Durán Guerrero’s killing in Maine is the eighth fatal ICE shooting in Trump’s second term, according to The Trace . At least fifty-two people have died in ICE custody over that same period, which Human Rights Watch called a “soaring mortality rate.” Meanwhile, ICE is further scaling up its quotidian activities to serve Trump’s project of ethnic cleansing: In just five days at the end of June, ICE agents quietly made a reported 10,000 arrests.
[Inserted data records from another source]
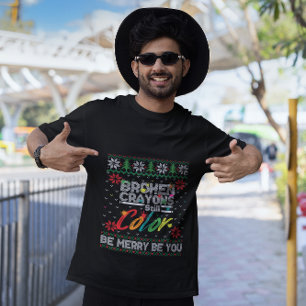 Camiseta Crayones rotos siguen coloreando la salud mental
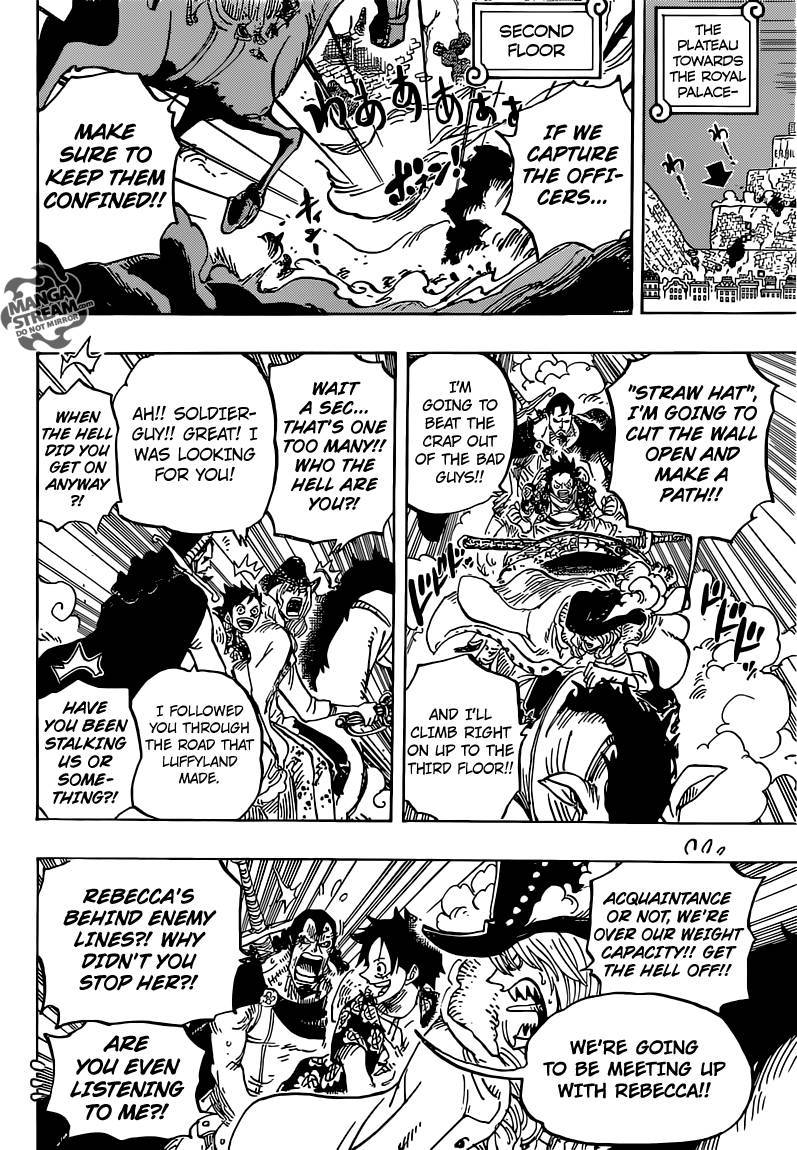 One Piece chapter 753 page 15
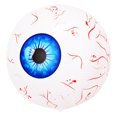 thumbnail image 2 of 22 pulgadas Gran Halloween Inflable LED LED Globo de globo de miedo Props 4D Decoración de globo ocular inflable de Foil Halloween, 2 of 9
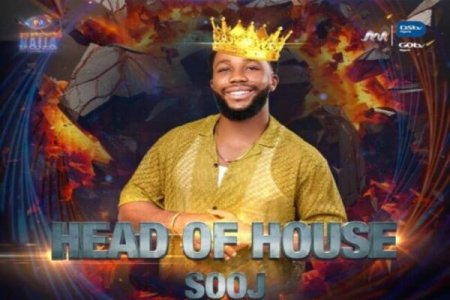 Big Brother Naija Season 9: Sooj Emerges as Week Eight Head of House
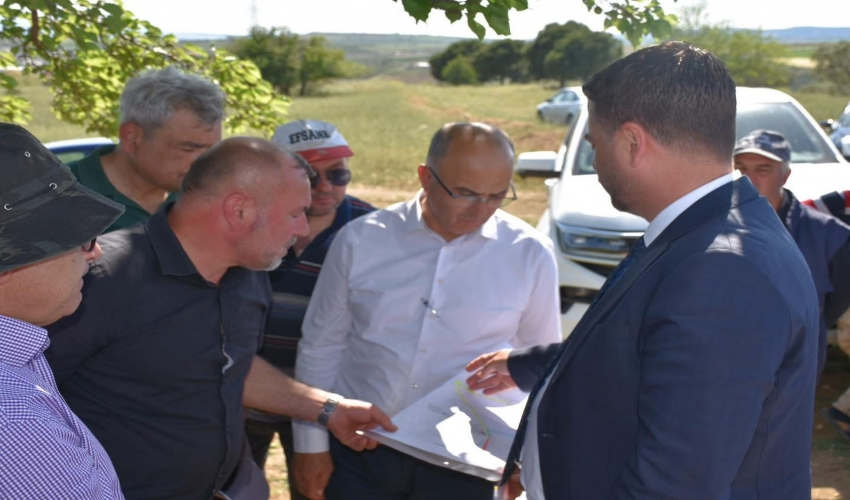Küçük Sanayi Sitesi İnceleme Ziyareti
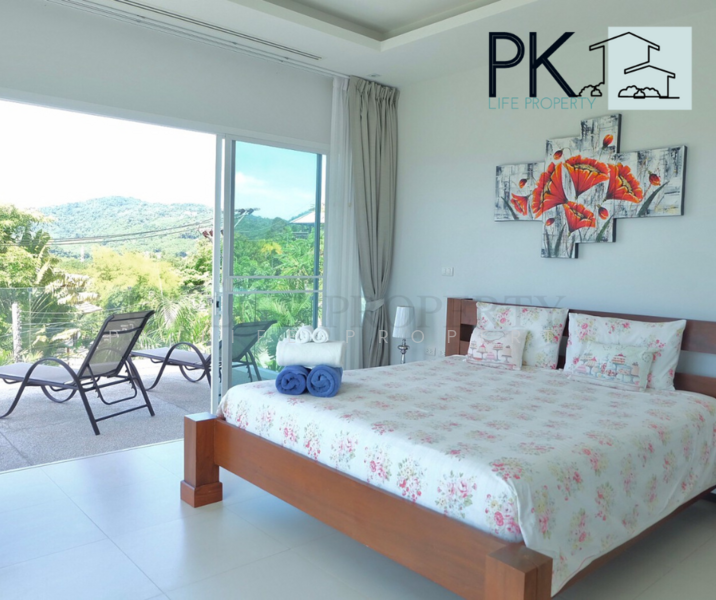 7R0368 Pool villa seaview 3bedroom 4bathroom 145,000/month at Rawai have fully furnished, Phuket, Rawai, Muang Phuket, Phuket, 3 Bedrooms, 500 sqm, Villa For Rent, by PK LIFE Property, 11719917 - DDproperty.com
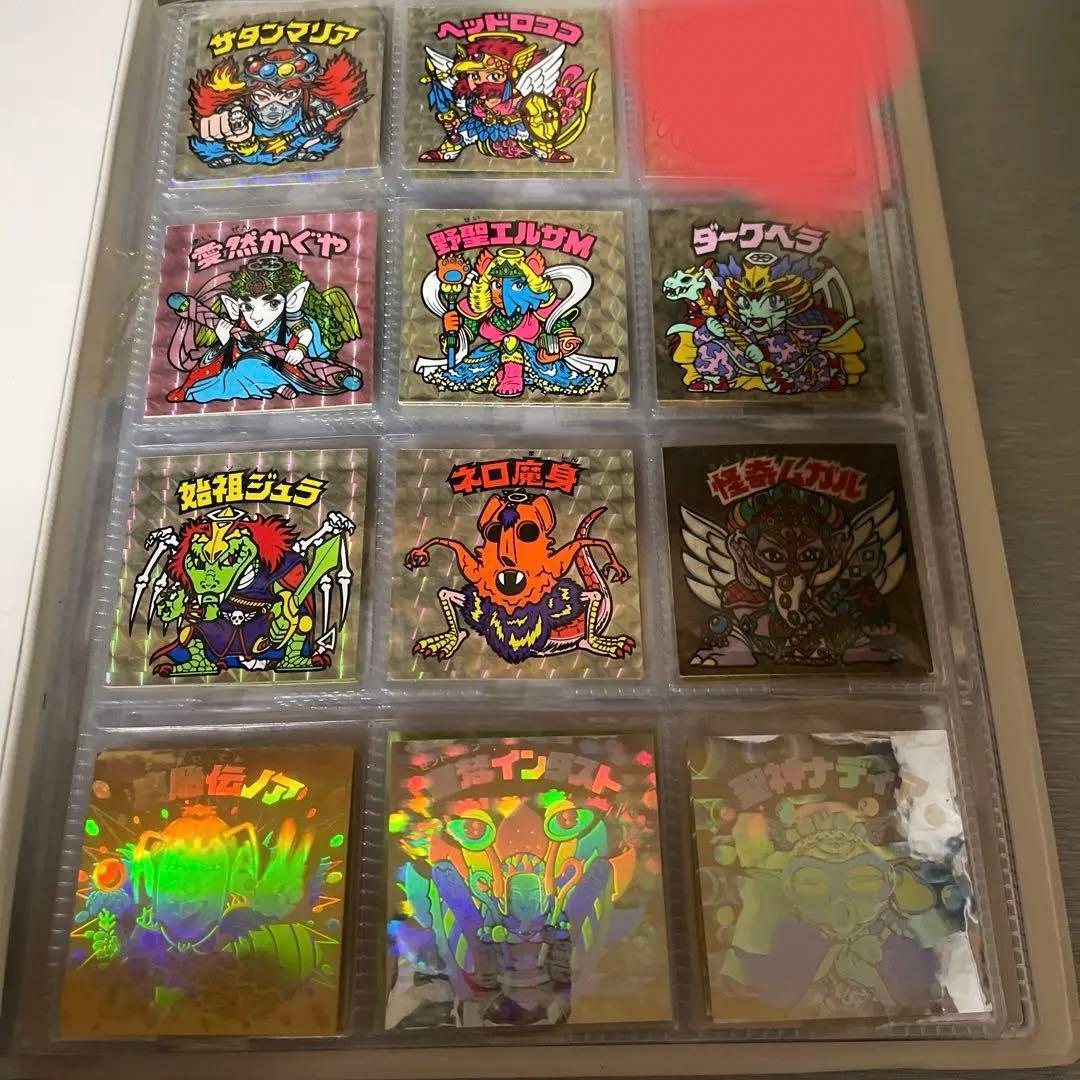 30以上前のビックリマンシール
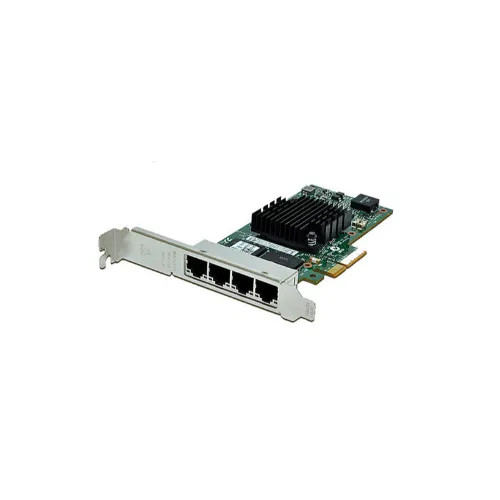 Intel - I350-T4-LP - Network Adapter 4-Port Gigabit PCI-Express 2.0 x4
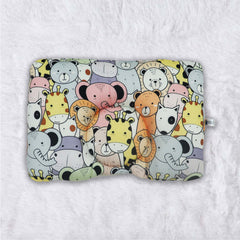 Happy Zoo New Born Pillow | Baby Pillow | Head Shaping Pillow
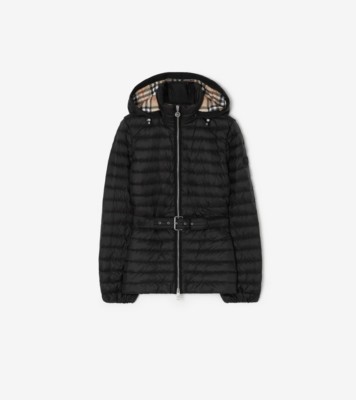 Nylon Amberley Puffer Jacket ®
The vile spectacle of city-based ICE surges, which were the agency’s calling card under former DHS Secretary Kristi Noem, have given way to dispersed but constant round-ups. The terror for immigrant communities is no less acute; the difficulty when it comes to fighting back has only sharpened. It is high time that anti-ICE action receives more robust political and institutional support.
It is not sufficient , for example, for New York Mayor Zohran Mamdani to assert that the New York Police Department does not coordinate with ICE for deportation operations if the NYPD is dispatched to clear streets for ICE vehicles to travel through disruption-free. It is not enough to have a court order in place barring ICE from making arrests at New York City immigration courts if that order isn’t enforced . “ Sanctuary city ” has to be a label with meaning beyond Trump using it as a slur against blue cities. It’s a promise, one that must also entail taking action against the racist municipal policing under which immigrants suffer and antifascist organizing is targeted .
Houston Mayor John Whitmire vowed last week to “pursue an independent and transparent” local investigation into the ICE shooting in his city. He also said that the federal government has taken control of the evidence, making such an investigation extremely difficult. The idea that the federal government will hold its jackbooted thugs accountable is, of course, utterly laughable .
But so, too, is the idea that an investigation by Houston or Texas law enforcement will deliver justice to Salgado Araujo’s loved ones, let alone the millions of people whose lives are being destroyed by the American deportation machine. An independent investigation into ICE killings is not even the floor, it’s the basement.